Implementation Details¶

Configuration	Setting
GPU	NVIDIA RTX 4090
Optimizer	AdamW
Batch size	8
Learning rate	\(1 \times 10^{-5}\), decayed by 0.9 per epoch
Training epochs	20
Learnable scale embeddings	256
Relative depth model	Depth Anything-Small (frozen)
Image encoder	DINOv2 ViT-L (frozen)
Text encoder	CLIP ViT-L/14 (frozen)
Trainable parameters	19M
Training data size	102K images
Training datasets	NYUv2 + KITTI + VOID + C3VD
Text generation	LLaVA v1.6 Vicuna & Mistral

Key Experimental Results¶

NYUv2 Indoor Benchmark (Table 1)¶

Method	Type	Trainable Params	\(\delta_1\uparrow\)	AbsRel\(\downarrow\)	RMSE\(\downarrow\)
DA V2	Direct metric	25M	0.969	0.073	0.261
UniDepth	Zero-shot metric	347M	0.981	0.072	0.229
Metric3Dv2	Zero-shot metric	1011M	0.980	0.067	0.260
RSA	Language + scale factor	4.7M	0.752	0.156	0.528
ScaleDepth	Language + domain adaptation	109M	0.913	0.099	0.329
WorDepth	Language + domain adaptation	137M	0.926	0.090	0.330
TR2M	Language + scale map	19M	0.954	0.082	0.293

Zero-Shot Cross-Domain Generalization (Table 3, 5 Unseen Datasets)¶

Method	Backbone	Training Images	SUN δ₁	iBims δ₁	HyperSim δ₁	DIODE δ₁	SimCol δ₁	Avg Rank
ZoeDepth	BeiT384-L	-	0.545	0.656	0.302	0.237	0.438	4.70
DA Single	ViT-L	-	0.660	0.714	0.361	0.288	0.553	2.80
UniDepth	ViT-L	3M	0.443	0.217	0.545	0.635	-	4.00
RSA	ViT-S	102K	0.527	0.450	0.230	0.244	0.162	5.80
TR2M	ViT-S	102K	0.591	0.736	0.361	0.274	0.445	2.40

TR2M achieves the best average rank (2.40) with a ViT-Small backbone and only 102K training images, substantially outperforming methods that use larger models and more data.

Ablation Study¶

Rescale Maps	\(\mathcal{L}_{tp\text{-}si}\)	\(\mathcal{L}_{soc}\)	NYUv2 AbsRel	iBims δ₁	DIODE δ₁
✕	✕	✕	0.118	0.566	0.225
✓	✕	✕	0.084	0.657	0.237
✓	✓	✕	0.085	0.708	0.243
✓	✓	✓	0.082	0.736	0.274

Single-factor → pixel-wise maps: AbsRel drops from 0.118 to 0.084, the largest single gain.
Adding pseudo depth supervision: significant improvement in zero-shot settings (iBims δ₁ +0.051).
Adding scale-oriented contrastive learning: further zero-shot gains (DIODE δ₁ +0.031).

Highlights & Insights¶

Pixel-level rescale maps replacing global single-factor scaling represent the core innovation, enabling correction of locally erroneous regions in relative depth — something prior methods (e.g., RSA) cannot achieve.
Exceptional parameter efficiency: only 19M trainable parameters (all encoders are frozen), 1–2 orders of magnitude smaller than UniDepth (347M) and Metric3Dv2 (1011M), yet achieving comparable performance.
Dual-level contrastive learning is elegantly designed: coarse-grained contrast ensures global scale consistency, fine-grained contrast ensures local depth distribution consistency, and the two are complementary.
The pseudo depth + threshold filtering strategy is a concise and effective solution to sparse GT supervision, improving zero-shot generalization.
Textual descriptions serve as "free" auxiliary priors, requiring no camera parameters or sensor information.

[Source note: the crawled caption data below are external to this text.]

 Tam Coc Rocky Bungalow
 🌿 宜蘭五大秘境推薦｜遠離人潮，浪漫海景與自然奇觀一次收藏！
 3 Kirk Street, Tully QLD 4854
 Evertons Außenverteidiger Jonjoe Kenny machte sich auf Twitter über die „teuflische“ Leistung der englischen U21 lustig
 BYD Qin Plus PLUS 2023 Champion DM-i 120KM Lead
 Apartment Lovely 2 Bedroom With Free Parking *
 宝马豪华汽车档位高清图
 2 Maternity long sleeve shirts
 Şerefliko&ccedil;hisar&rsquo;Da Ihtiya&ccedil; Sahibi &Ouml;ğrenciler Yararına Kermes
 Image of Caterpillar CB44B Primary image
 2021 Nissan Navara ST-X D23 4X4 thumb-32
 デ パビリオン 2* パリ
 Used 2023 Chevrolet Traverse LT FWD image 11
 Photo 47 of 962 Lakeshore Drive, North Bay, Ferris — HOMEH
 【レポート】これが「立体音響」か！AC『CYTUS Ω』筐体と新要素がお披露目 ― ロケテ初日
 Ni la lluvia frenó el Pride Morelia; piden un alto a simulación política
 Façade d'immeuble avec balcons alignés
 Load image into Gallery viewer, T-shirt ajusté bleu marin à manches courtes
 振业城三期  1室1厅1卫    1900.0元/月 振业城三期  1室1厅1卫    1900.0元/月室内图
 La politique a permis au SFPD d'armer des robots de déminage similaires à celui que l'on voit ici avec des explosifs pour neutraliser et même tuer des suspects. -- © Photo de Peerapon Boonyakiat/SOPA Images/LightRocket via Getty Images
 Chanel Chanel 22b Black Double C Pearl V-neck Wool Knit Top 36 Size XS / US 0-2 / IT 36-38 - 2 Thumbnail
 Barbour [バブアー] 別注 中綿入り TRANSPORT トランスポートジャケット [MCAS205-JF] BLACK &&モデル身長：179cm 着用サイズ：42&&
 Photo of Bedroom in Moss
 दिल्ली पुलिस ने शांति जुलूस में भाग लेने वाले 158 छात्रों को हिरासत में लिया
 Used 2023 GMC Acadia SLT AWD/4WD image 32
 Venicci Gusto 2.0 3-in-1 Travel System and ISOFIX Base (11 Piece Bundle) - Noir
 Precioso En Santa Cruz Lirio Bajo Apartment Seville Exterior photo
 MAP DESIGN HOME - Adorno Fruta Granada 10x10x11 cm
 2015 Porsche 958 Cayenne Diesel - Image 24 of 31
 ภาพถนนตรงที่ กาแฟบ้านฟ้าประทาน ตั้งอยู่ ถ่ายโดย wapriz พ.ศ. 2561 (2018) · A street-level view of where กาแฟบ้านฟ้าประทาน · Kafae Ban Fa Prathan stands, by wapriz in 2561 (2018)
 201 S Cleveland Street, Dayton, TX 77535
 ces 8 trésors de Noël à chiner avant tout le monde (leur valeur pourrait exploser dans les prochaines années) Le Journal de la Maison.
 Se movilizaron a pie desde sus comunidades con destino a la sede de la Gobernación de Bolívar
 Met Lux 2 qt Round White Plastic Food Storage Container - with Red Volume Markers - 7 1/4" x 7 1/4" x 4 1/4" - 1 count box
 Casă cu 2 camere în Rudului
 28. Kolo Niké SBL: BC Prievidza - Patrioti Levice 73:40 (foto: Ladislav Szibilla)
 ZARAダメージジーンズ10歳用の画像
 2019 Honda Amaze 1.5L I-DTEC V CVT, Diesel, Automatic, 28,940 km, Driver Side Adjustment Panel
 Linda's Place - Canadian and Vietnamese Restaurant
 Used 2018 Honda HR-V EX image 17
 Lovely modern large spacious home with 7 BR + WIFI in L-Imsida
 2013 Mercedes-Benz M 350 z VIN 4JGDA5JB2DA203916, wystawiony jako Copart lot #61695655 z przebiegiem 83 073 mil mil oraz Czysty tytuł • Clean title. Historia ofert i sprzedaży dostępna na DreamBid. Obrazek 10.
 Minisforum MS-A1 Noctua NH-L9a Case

Limitations & Future Work¶

Dependence on LLaVA-generated descriptions: Text quality is bounded by VLM capability, and descriptions for extreme domains (e.g., medical endoscopy) may be insufficiently accurate.
Upper bound of the relative depth model: Framework performance is constrained by the output quality of the frozen Depth Anything-Small backbone.
Remaining gap in some zero-shot domains: AbsRel remains high on SUN RGB-D and DIODE Outdoor (0.451/0.673), indicating that large cross-domain scale discrepancies remain challenging.
Computational cost of contrastive learning: Pixel-level contrast requires an EMA dual-branch structure, increasing training time and memory consumption.
A stronger relative depth backbone (e.g., Depth Anything V2) could further raise the performance ceiling.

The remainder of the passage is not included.